The list goes on… And on. And on.

They make us act these out in front of everyone. So if you were already second-guessing yourself in the role, this really puts your self-confidence to the test. You’re standing there trying to remember protocol while also making eye contact with your coworkers, who are silently judging your improv skills.

Your hands don’t know where to go. Your brain forgets how to form sentences. You’ll be like, “Hi, I’m your RA and I—uh—how are you feeling today?” And your voice cracks. And suddenly you’re sweating. But here’s the thing: it actually helps. A lot. Because when real situations happen (and they will), your brain remembers that you’ve done this before. Then you’re calmer. You’re steadier. You’re less likely to panic and more likely to actually help.

So yes, mildly embarrassing. But also very necessary. Growth is uncomfortable. So is public speaking. So is trying to sound professional while your stomach is growling. But congrats! You survived Robarazzi. You’re basically famous now.


Team Bonding (AKA Forced Fun That Becomes Real Fun)
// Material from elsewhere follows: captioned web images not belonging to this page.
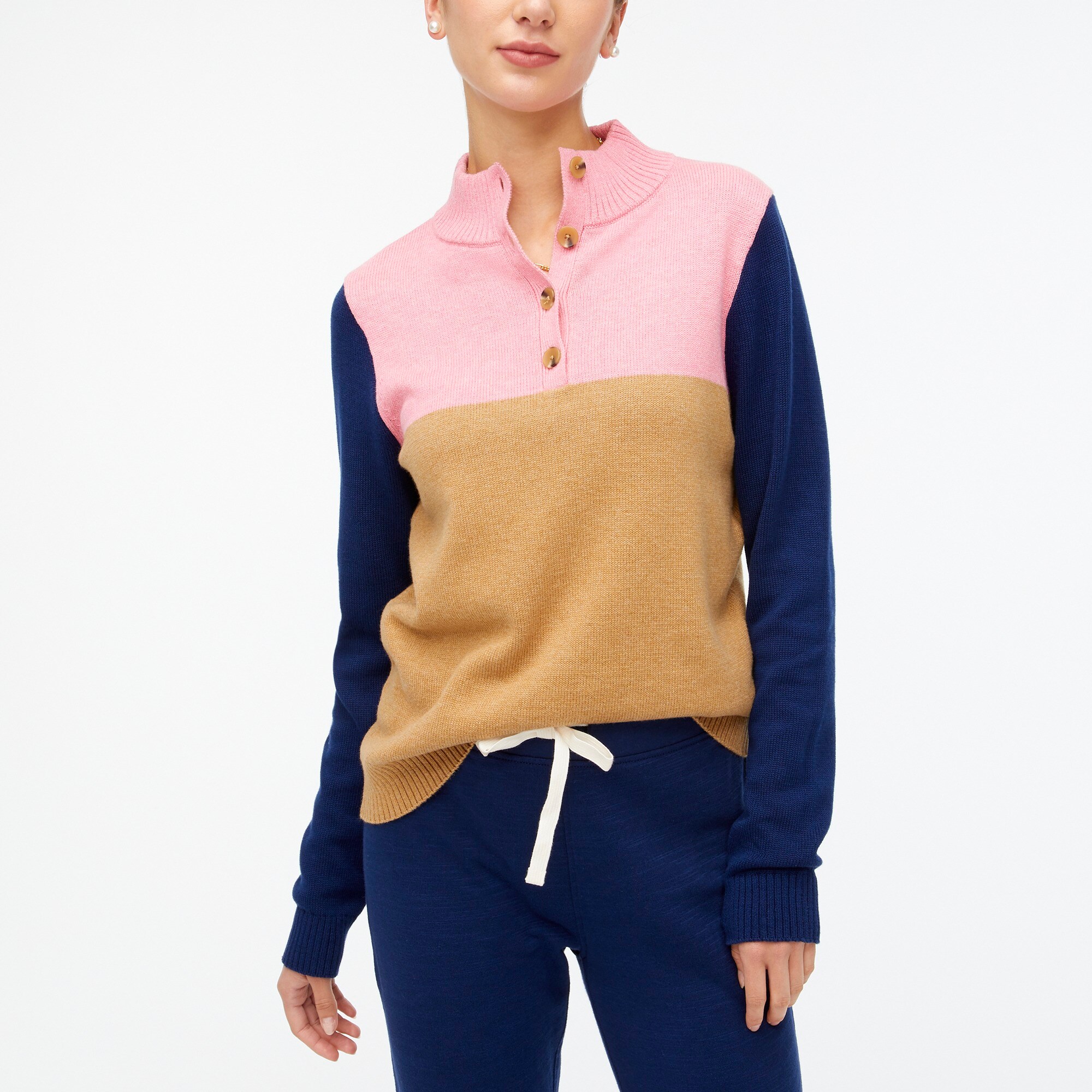 factory: button jacquard pullover sweater for women, right side, view zoomed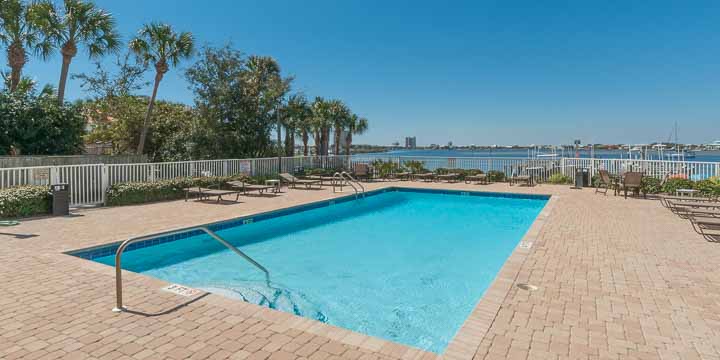 Pool and Bay seen from South Harbour Condominiums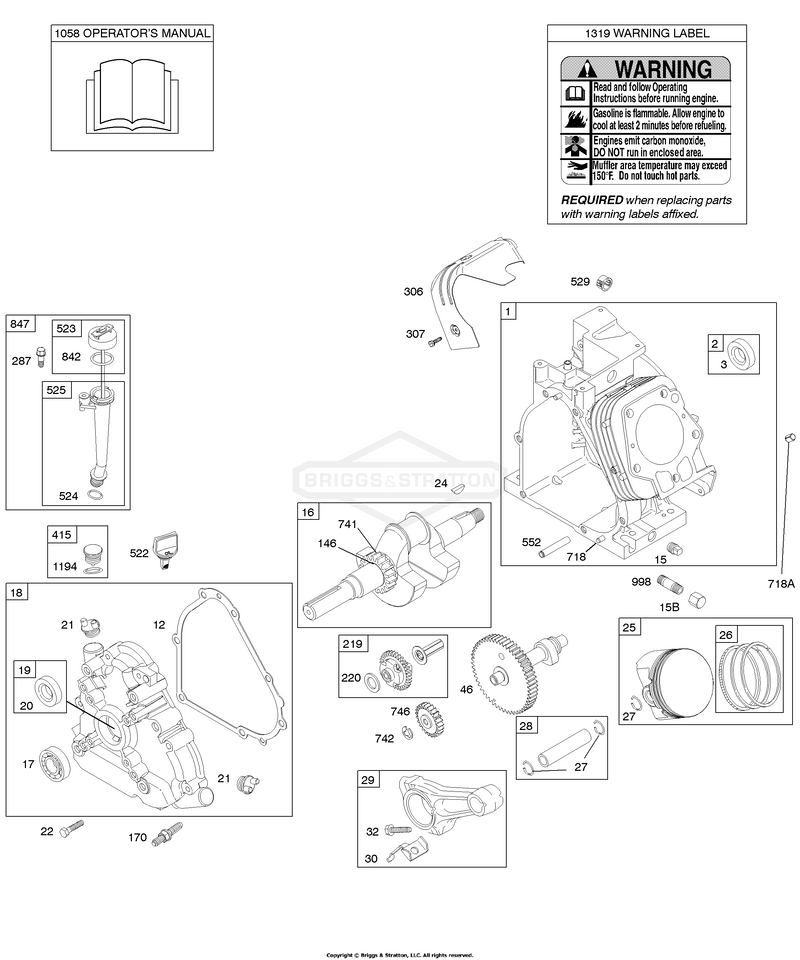 Camshaft, Crankcase Cover, Crankshaft, Cylinder, Lubrication, Operator's Manual, Piston/Rings/Connecting Rod, Warning Label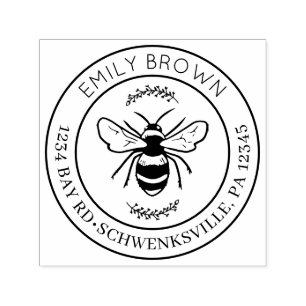 Round Bee and Floral Return Address Self-inking Stamp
Me in the new game room like


Meeting the new spring student staff team for the first time felt like that one iCarly and Victorious episode (“iParty with Victorious”) where everyone is just… there. Too many personalities. Not enough emotional preparation. Half the team is frantically learning names, the other half is trying to remember if they already told that “one time freshman year” story or if they just thought about telling it.

There are icebreakers. There are games. There are “two truths and a lie” moments where someone reveals something that makes the whole room go silent. And there’s the new game room. Picture me in there like aggressively competitive, losing Mario Kart, pretending I don’t care while absolutely caring. But honestly? It’s kind of beautiful. You start to see how everyone brings something different to the team—different energy, different humor, different strengths.

But here’s the plot twist: it kind of slaps. Somewhere between the Uno betrayals and the table pool beef, you start realizing these people are actually… my people. It stops feeling like forced fun and starts feeling like the pilot episode of your own weird little sitcom. It starts as forced fun, but then it turns into real fun. And you just know this is your crew.

Me and my RD

And my RD? My new RD and I are tight. You know that dynamic where one person is the responsible adult and the other one is just a little feral but somehow it works? That’s us. She keeps the ship floating. I bring the enthusiasm

It’s comforting knowing you’re not doing this job alone. You’ve got people who will help you during crisis calls, who will sit with you after hard shifts, who will send you memes when your patience is hanging by a thread. Together, we are a fully functioning support system held together by caffeine, shared trauma, and the mutual understanding that we are absolutely not okay—but we are okay together. And that’s the best part.

Here’s the thing about training: it’s exhausting. It’s early mornings. It’s long sessions. It’s a lot of information, feelings, and more coffee than you thought you could consume. But it’s also meaningful. You remember why you’re here. Why you applied. Why you keep coming back, even for your third year. Because you’re not just making bulletin boards and enforcing quiet hours. You’re making safe spaces, and helping people through some of the hardest years of their lives.

So, here I am. Training wrapped up and slightly sleep-deprived, emotionally caffeinated, and absolutely covered in both paper scraps and good intentions. I’m grateful for my LB team. Grateful for the chaos. Grateful for the memories. Grateful that I get to spend my final RA semester making Emerson shine. We all sing. We all grow. But we do it together.